Everything below from the line with "Atlanta Open Rhinoplasty" through the line with "تقنية-التكميم-البكيني" should be copied exactly, and nothing else; leave out the pictures.

## Dataset entries
·····
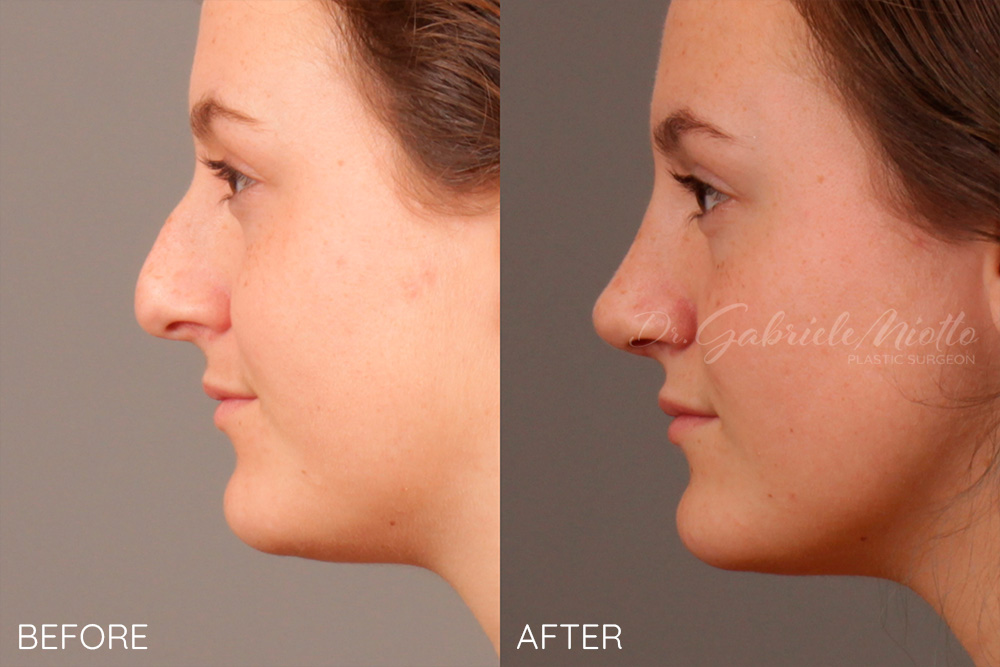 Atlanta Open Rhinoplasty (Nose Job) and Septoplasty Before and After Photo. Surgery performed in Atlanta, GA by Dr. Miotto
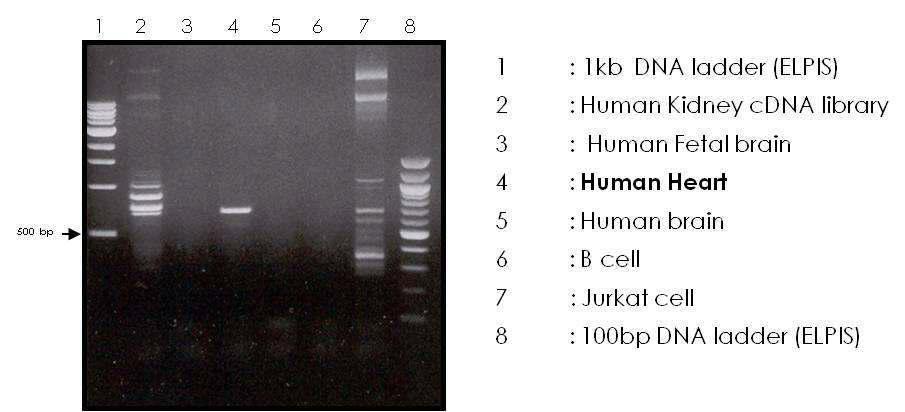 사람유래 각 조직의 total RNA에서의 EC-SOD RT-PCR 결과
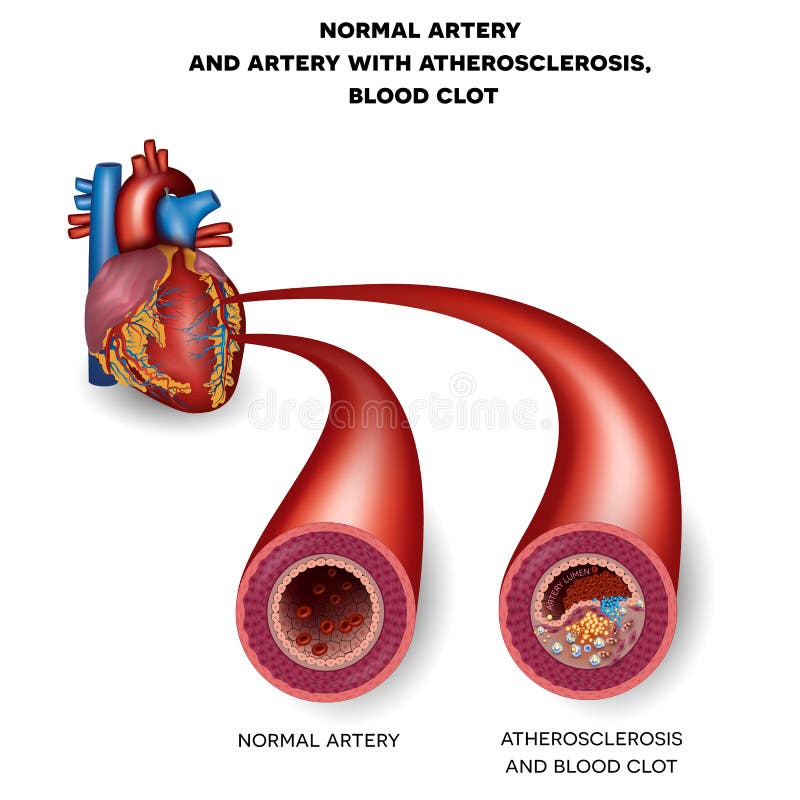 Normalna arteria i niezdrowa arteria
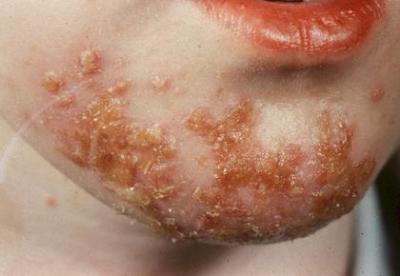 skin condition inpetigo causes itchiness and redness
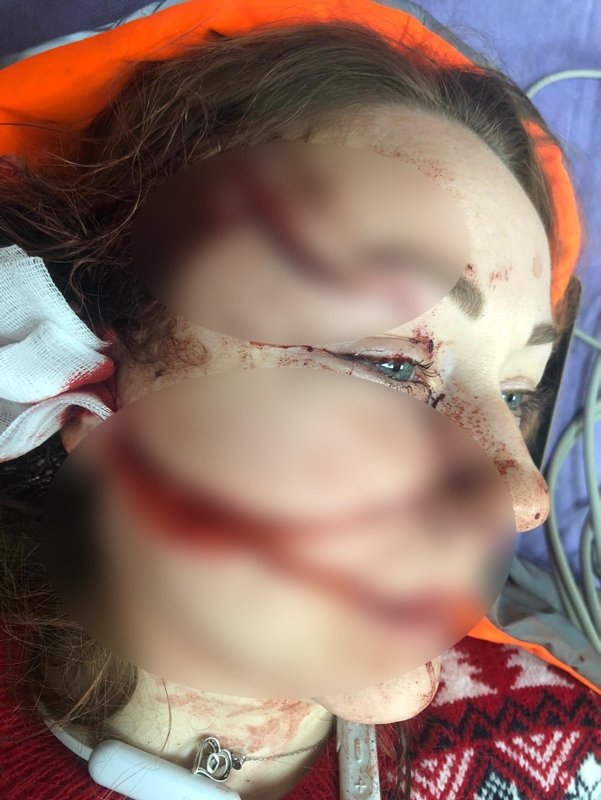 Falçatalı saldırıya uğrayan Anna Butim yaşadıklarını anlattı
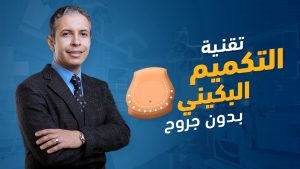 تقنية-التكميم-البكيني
·····
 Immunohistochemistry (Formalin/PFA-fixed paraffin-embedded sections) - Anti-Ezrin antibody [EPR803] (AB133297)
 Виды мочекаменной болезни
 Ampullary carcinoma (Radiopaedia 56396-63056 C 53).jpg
·····
## Solution for this task
 Atlanta Open Rhinoplasty (Nose Job) and Septoplasty Before and After Photo. Surgery performed in Atlanta, GA by Dr. Miotto
 사람유래 각 조직의 total RNA에서의 EC-SOD RT-PCR 결과
 Normalna arteria i niezdrowa arteria
 skin condition inpetigo causes itchiness and redness
 Falçatalı saldırıya uğrayan Anna Butim yaşadıklarını anlattı
 تقنية-التكميم-البكيني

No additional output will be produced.